We’re back once again for the 3rd and likely final part to our evolving series previewing the performance of DirectX 12. After taking an initial look at discrete GPUs from NVIDIA and AMD in part 1, and then looking at AMD’s integrated GPUs in part 2, today we’ll be taking a much requested look at the performance of Intel’s integrated GPUs. Does Intel benefit from DirectX 12 in the same way the dGPUs and AMD’s iGPU have? And where does Intel’s most powerful Haswell GPU configuration, Iris Pro (GT3e) stack up? Let’s find out.

As our regular readers may recall, when we were initially given early access to WDDM 2.0 drivers and a DirectX 12 version of Star Swarm, it only included drivers for AMD and NVIDIA GPUs. Those drivers in turn only supported Kepler and newer on the NVIDIA side and GCN 1.1 and newer on the AMD side, which is why we haven’t yet been able to look at older AMD or NVIDIA cards, or for that matter any Intel iGPUs. However as of late last week that changed when Microsoft began releasing WDDM 2.0 drivers for all 3 vendors through Windows Update on Windows 10, enabling early DirectX 12 functionality on many supported products.
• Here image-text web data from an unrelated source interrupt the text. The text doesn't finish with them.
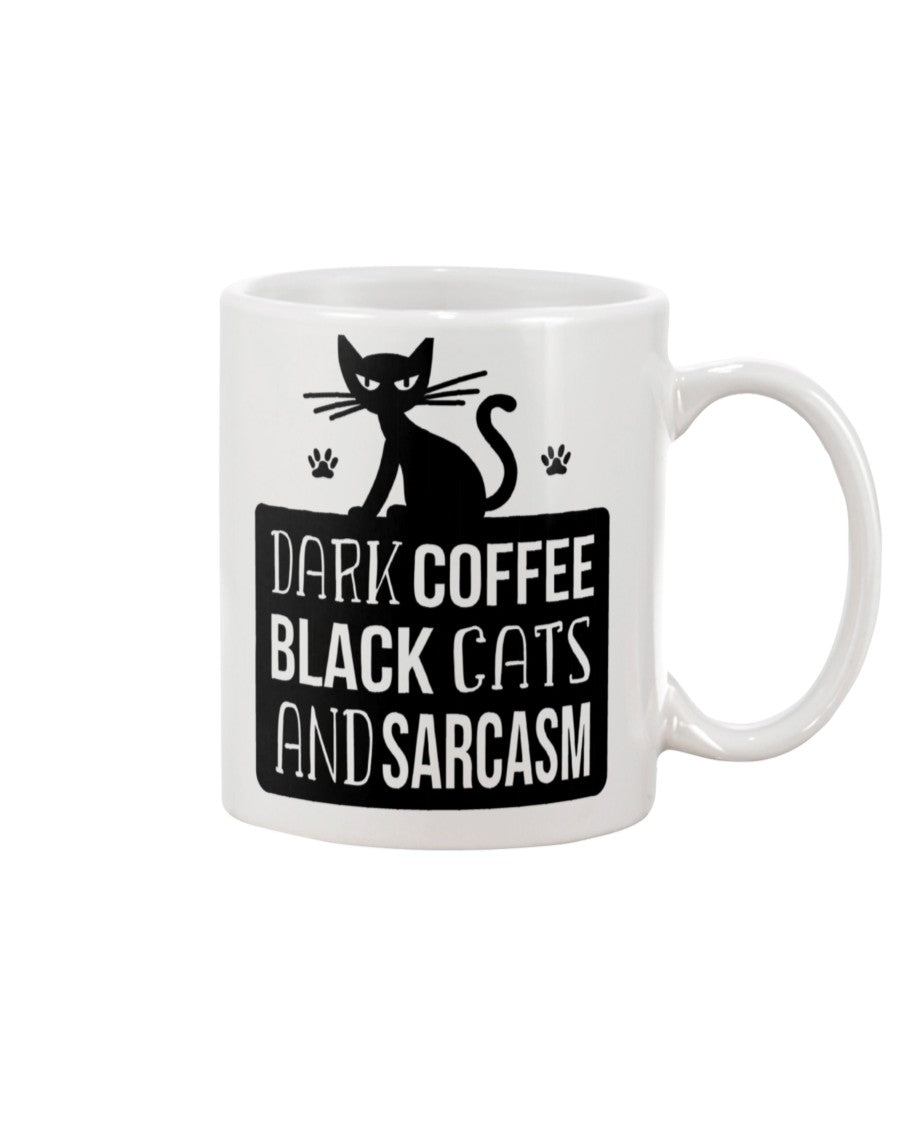 Dark Coffee Black Cats and Sarcasm  11 and15 oz mugs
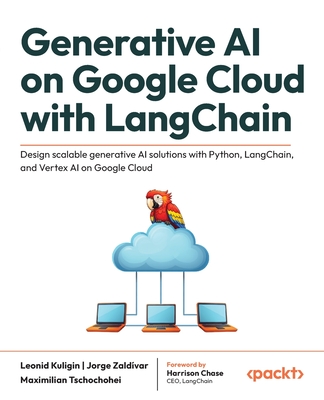Generative AI on Google Cloud with LangChain: Design scalable generative AI solutions with Python, LangChain, and Vertex AI on Google Cloud - Kuligin, Leonid, and Zaldvar, Jorge, and Tschochohei, Maximilian
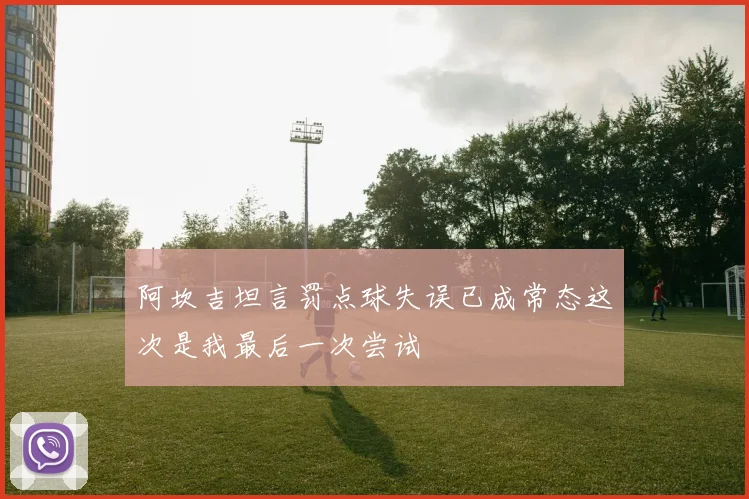 阿坎吉坦言罚点球失误已成常态这次是我最后一次尝试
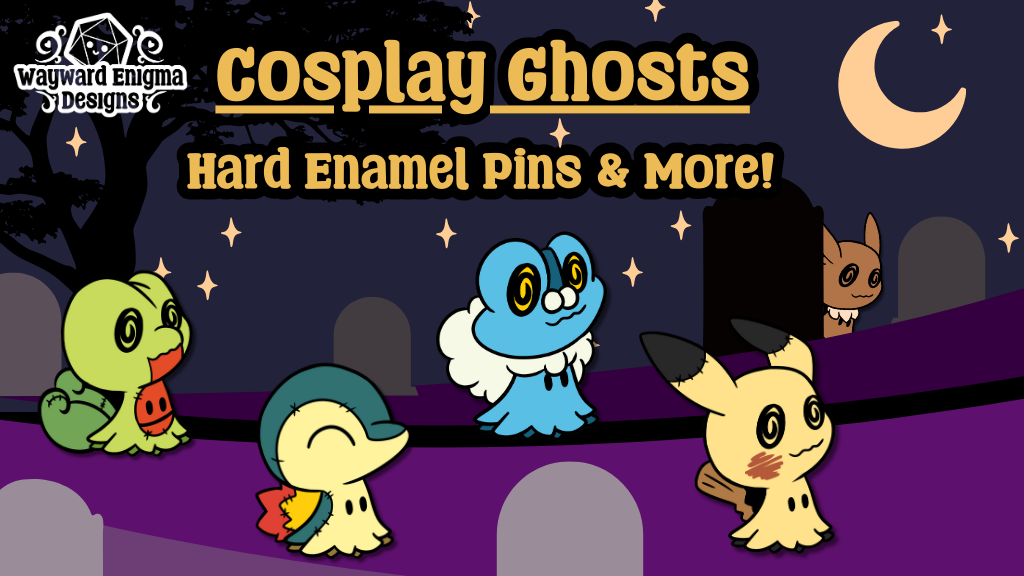 Cosplay Ghosts - Hard Enamel Pins and More!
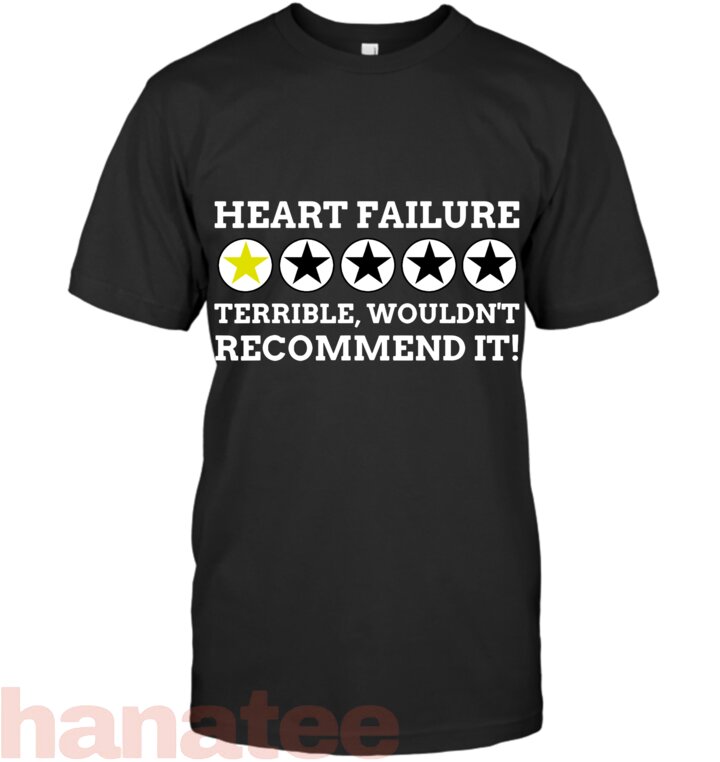 Heart Surgery Gifts, Funny Heart Failure T-Shirt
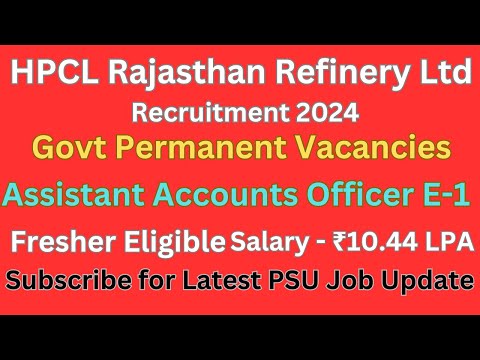 CA PSU Jobs CA Freshers PSU Jobs CA Fresher Govt Job HPCL Rajasthan Refinery Ltd Recruitment 2024 s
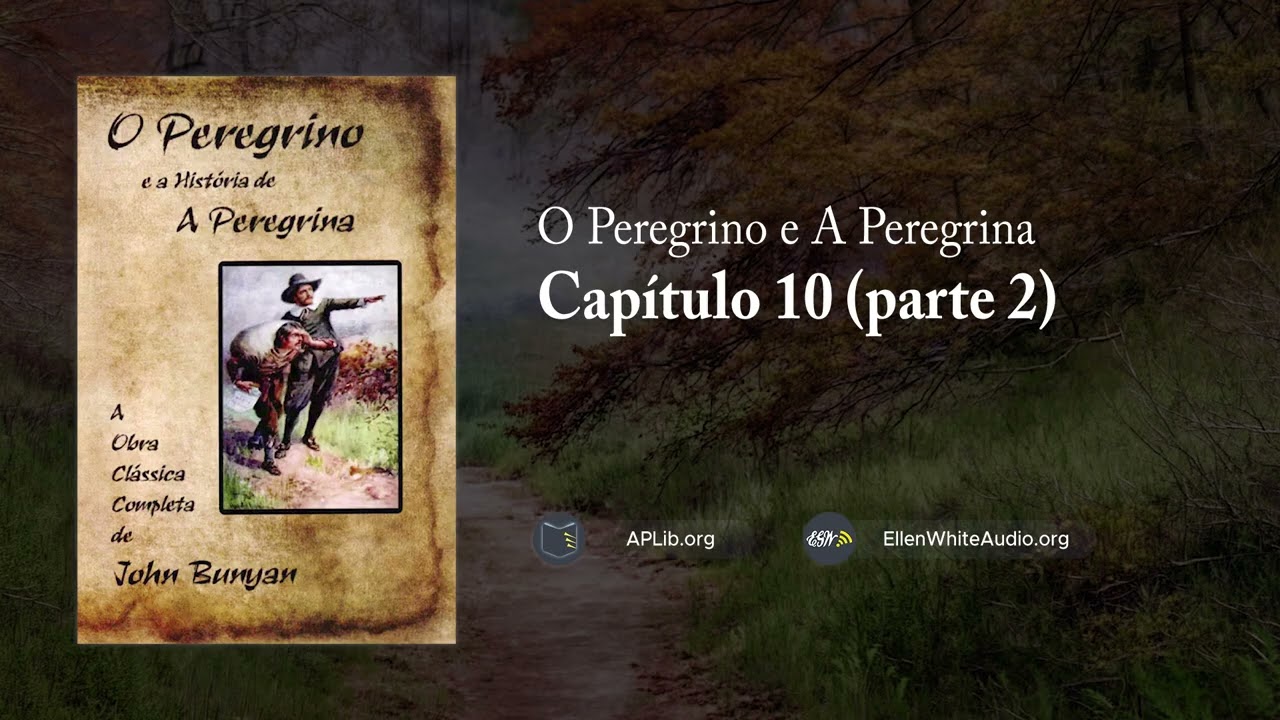 Capítulo 10 (parte 2) | O Peregrino e A Peregrina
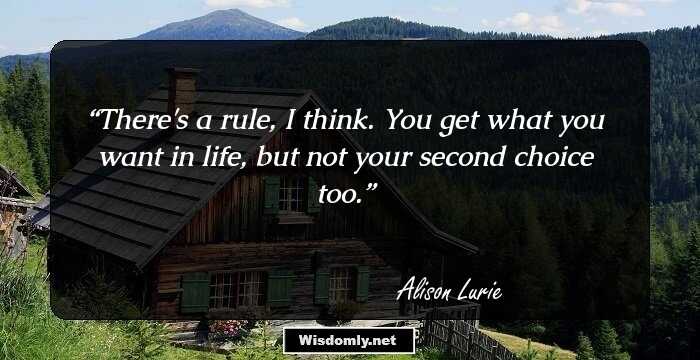 There's a rule, I think. You get what you want in life, but not your second choice too.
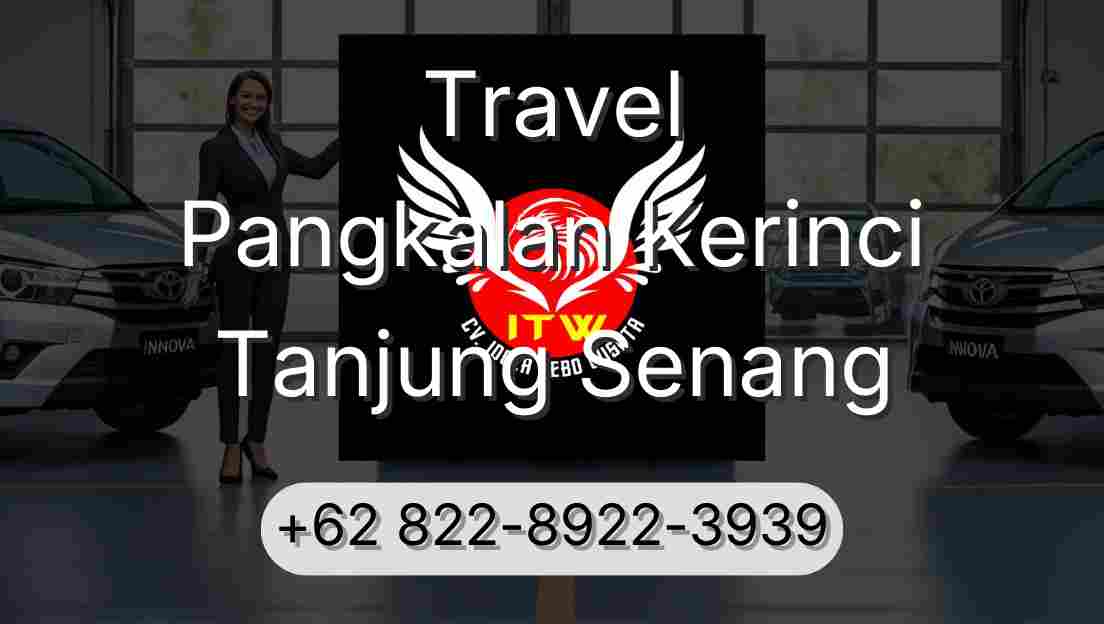 Travel Pangkalan Kerinci Tanjung Senang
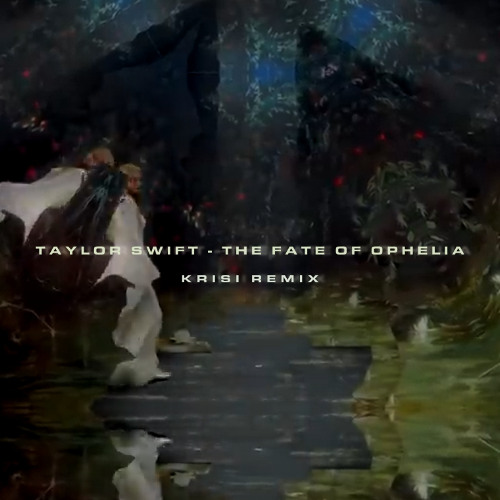 Taylor Swift - The Fate of Ophelia (krisi remix)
With Intel WDDM 2.0 drivers now in hand, we’re able to take a look at how Intel’s iGPUs are affected in this early benchmark. Driver version 10.18.15.4098, these drivers enable DirectX 12 functionality on Gen 7.5 (Haswell) and newer GPUs, with Gen 7.5 being the oldest Intel GPU generation that will support DirectX 12.

Today we’ll be looking at all 3 Haswell GPU tiers, GT1, GT2, and GT3e. We also have our AMD A10 and A8 results from earlier this month to use as a point of comparison (though please note that this combination of Mantle + SS is still non-functional on AMD APUs). With that said, before starting we’d like to once again remind everyone that this is an early driver on an early OS running an early DirectX 12 application, so everything here is subject to change. Furthermore Star Swarm itself is a very directed benchmark designed primarily to showcase batch counts, so what we see here should not be considered a well-rounded look at the benefits of DirectX 12. At the end of the day this is a test that more closely measures potential than real-world performance.

CPU: AMD A10-7800
AMD A8-7600
Intel Core i3-4330
Intel Core i5-4690
Intel Core i7-4770R
Intel Core i7-4790K
Motherboard: GIGABYTE F2A88X-UP4 for AMD
ASUS Maximus VII Impact for Intel LGA-1150
Zotac ZBOX EI750 Plus for Intel BGA
Power Supply: Rosewill Silent Night 500W Platinum
Hard Disk: OCZ Vertex 3 256GB OS SSD
Memory: G.Skill 2x4GB DDR3-2133 9-11-10 for AMD
G.Skill 2x4GB DDR3-1866 9-10-9 at 1600 for Intel
Video Cards: AMD APU Integrated
Intel CPU Integrated
Video Drivers: AMD Catalyst 15.200 Beta
Intel 10.18.15.4098
OS: Windows 10 Technical Preview 2 (Build 9926)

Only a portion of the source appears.